= Philippe Jeantot =

French former deep sea diver (born 1952)

Philippe Jeantot (/fr/; born 8 May 1952) is a French former deep sea diver, who achieved recognition as a sailor for long-distance, single-handed racing and record-setting. He founded the Vendée Globe, a single-handed, round-the-world, non-stop yacht race.

== Biography ==
Born in Antananarivo, Madagascar, Jeantot started his career as a deep sea diver, working on oil rigs; in 1977 he took part in the Janus IV dive of the COMEX during which Jacques Verpeaux and Gérard Vial broke the world record for deep diving, at 501 m. He became interested in sailing after reading Bernard Moitessier's book The Long Way; having learned to sail, he built himself a 13.5-metre (44 ft) steel ketch, planning to sail single-handed around the world. After cruising for two years, he entered the first edition of the BOC Challenge (now known as the Velux 5 Oceans Race) in 1982; he won the race, and broke the previous record for a single-handed circumnavigation with a time of 159 days, 2 hours.

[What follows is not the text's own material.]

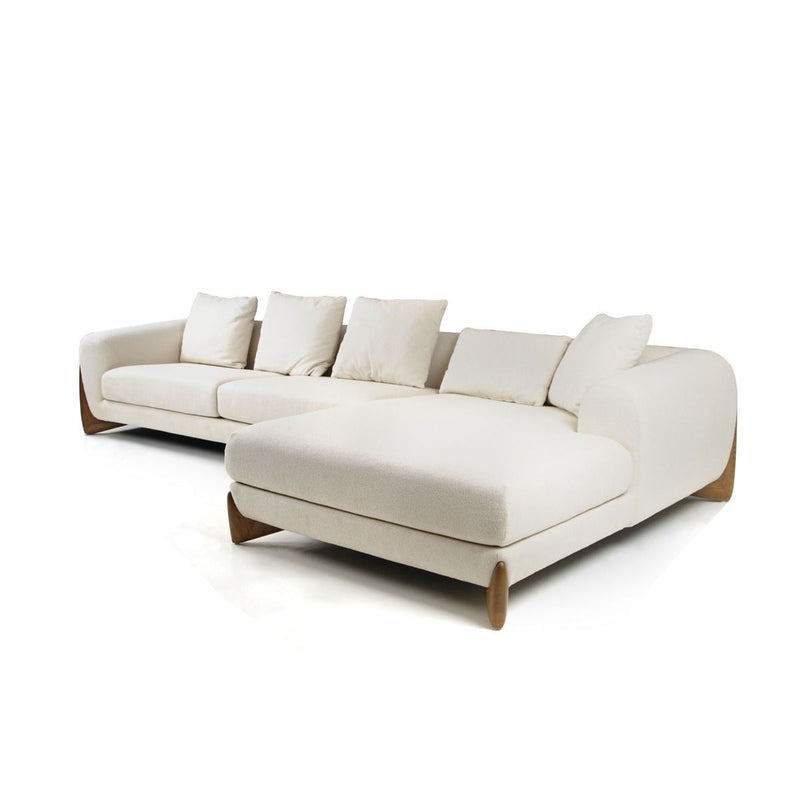 Palacio Cream Fabric and Walnut RAF Sectional Sofa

In 1984, Jeantot entered the OSTAR, sailing in a new catamaran, Credit Agricole II. He was forced to retire after a capsize, but saved the boat and entered the 1984 Quebec—St. Malo race, in which he set a new 24-hour speed record. In 1985, he had success in the Grand Prix de Brest, La Baule and Round Europe races. In 1986 he again entered the BOC Challenge, sailing Credit Agricole III, and was again victorious.

In 1989, Jeantot founded a new, single-handed, non-stop, round-the-world race, the Vendée Globe. He entered the race in Crédit Agricole IV, and finished in fourth place.

In 1990, Jeantot once again entered the BOC Challenge, sailing Crédit Agricole IV, and finishing in third place, thus completing his fourth solo circumnavigation of the world. After the race, he announced that he was retiring from sailing to manage his boat-building business.

In November 1990, Jeantot was given a suspended two-year sentence and fined €15,000 (£9,900) for tax evasion. Jeantot appealed but the verdict was upheld.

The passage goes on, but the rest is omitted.